Contro il suo rientro in Libano le associazioni degli ex prigionieri, sostenute dal Partito Comunista Libanese, dal Partito dei Nasseriani, da Hezbollah e da altre forze politiche libanesi, hanno costruito una imponente mobilitazione che ha portato al suo arresto.

Il Comitato per non dimenticare Sabra e Chatila é là, in Libano, anche quest’anno come ogni anno dal 2000, per testimoniare che il più grande massacro che esiste è sradicare un popolo dalla sua terra e mandarlo via; è là per continuare l’opera di Stefano Chiarini e Maurizio Musolino, compagni fondatori del Comitato, entrambi prematuramente scomparsi negli anni scorsi; è là per rivendicare il diritto al ritorno per i profughi e per chiedere giustizia per le 3.500 vittime del massacro ad oggi ancora vergognosamente impunito di Sabra e Chatila.

Diritti e giustizia dunque le parole d’ordine del Comitato.

Nei campi non c’è nulla di tutto ciò.

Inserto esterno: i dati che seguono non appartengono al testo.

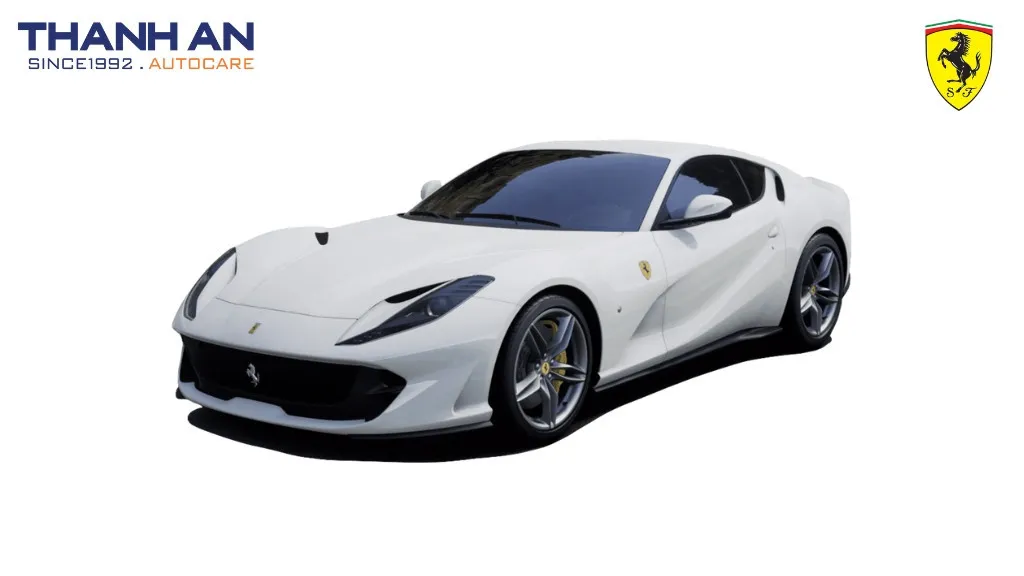 Phụ tùng và phụ kiện xe Ferrari 812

Nei campi c’è invece il risultato di una guerra che dal 1948 non è mai finita. E a cui drammaticamente se ne è aggiunta un’altra, perché dal 2011 oltre 1 milione e mezzo di siriani è profugo in Libano, dall’inizio dell’aggressione alla Siria ad opera di una coalizione internazionale che vede al suo interno le maggiori potenze economiche e militari del mondo.

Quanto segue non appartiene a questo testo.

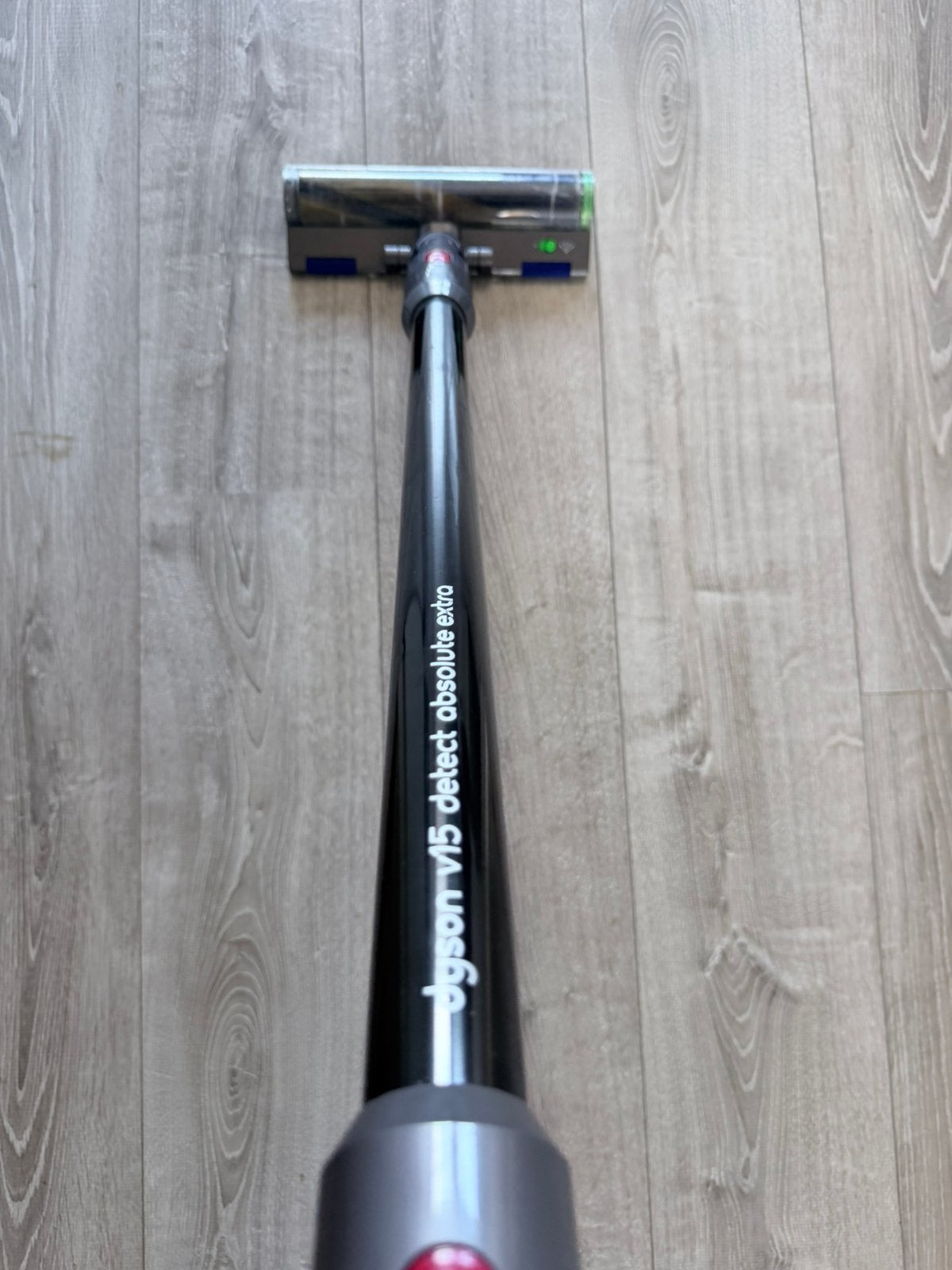 Dyson V15 Detect Absolute Extra – compleet + accessoires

Il risultato é la drammatica quotidianità dei campi palestinesi e siriani, che ti aggredisce impietosa appena ne varchi l’ingresso: é la miseria, la disoccupazione, la mancanza d’acqua e di elettricità, il senso di soffocamento, il sovraffollamento, i fili eletttrici che a Chatila come a Bourji Al Barajneh ti sfiorano il capo mentre a terra il fango ti lambisce i pantaloni, sono le malattie croniche fisiche e psicologiche.

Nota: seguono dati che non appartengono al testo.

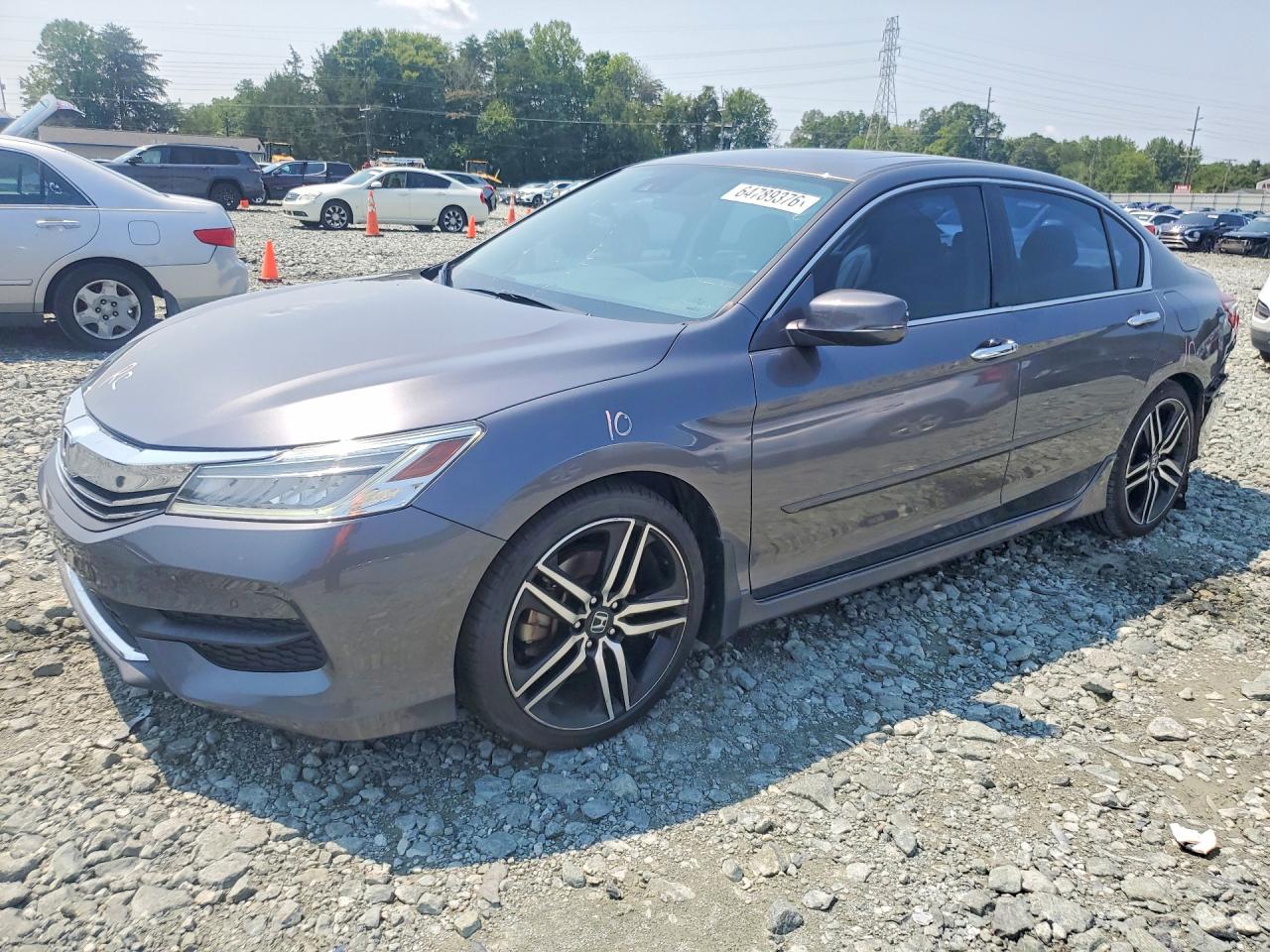 2016 HONDA ACCORD TOURING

Questo é il volto disumano del sionismo. Sono gli sguardi dei bambini, come sempre le prime vittime di ogni guerra, che dai loro grandi occhi neri urlano la disperazione di tutti i poveri del mondo. Un peso che non puoi togliere dalla valigia al tuo rientro a casa.

Bambini che appena ne hanno la possibilità riscattano il loro diritto ad un’infanzia normale, ad un’infanzia che vuole ridere, gioire, cantare, ballare, suonare, divertirsi, come durante lo spettacolo musicale a cui abbiamo assistito nel campo di BAS Bourj Al Shemali, un campo della città di Tiro, nel sud del Libano. Quel concerto che, ad ognuno di noi, ancora oggi al ricordo, lascia gli occhi lucidi.

Ma la disperazione e la barbarie dei campi a qualcuno non bastano. Non bastano agli Stati Uniti, che vogliono cancellare per sempre dalla storia il popolo palestinese, con il piano del secolo ordito da Trump. Non gli bastano, e allora ecco il trasferimento dell’ambasciata americana da Tel Aviv a Gerusalemme, e allora ecco i tagli all’UNRWA, ed ecco l’invenzione del governo libanese di dare la nazionalità ai palestinesi per cancellare il diritto al ritorno.

Ma, come ci ha detto il segretario del Partito Comunista Libanese, anche gli USA stanno vivendo una loro fase di arretramento. Non riescono più a fare quello che facevano prima, a fare cadere i governi, come è accaduto in Afghanistan, Iraq e Libia. Non lo hanno fatto in Siria, non lo hanno fatto in Iran.

E allora questa fase transitoria diventa centrale. Diventano centrali i colpi inferti all’imperialismo americano e al sionismo in Siria. Ma anche in Libano, come la risposta di Hezbollah all’aggressione israeliana del 25 agosto scorso, salutata con esultanza da tutte le forze della resistenza libanese e palestinese.

Quello a cui abbiamo assistito durante il nostro viaggio è un esempio senza pari di resistenza a questa aggressione che dura da 71 anni, ad opera di potenze enormemente superiori a livello militare, che ha comportato indicibili pene, privazioni, soprusi, perdite di vite umane, ma che nelle parole di coloro che abbiamo incontrato porta con sé un’infinita umanità e una prospettiva incancellabile di vittoria.

Perché, come dice Darwish, si chiamava PALESTINA. Si chiama PALESTINA.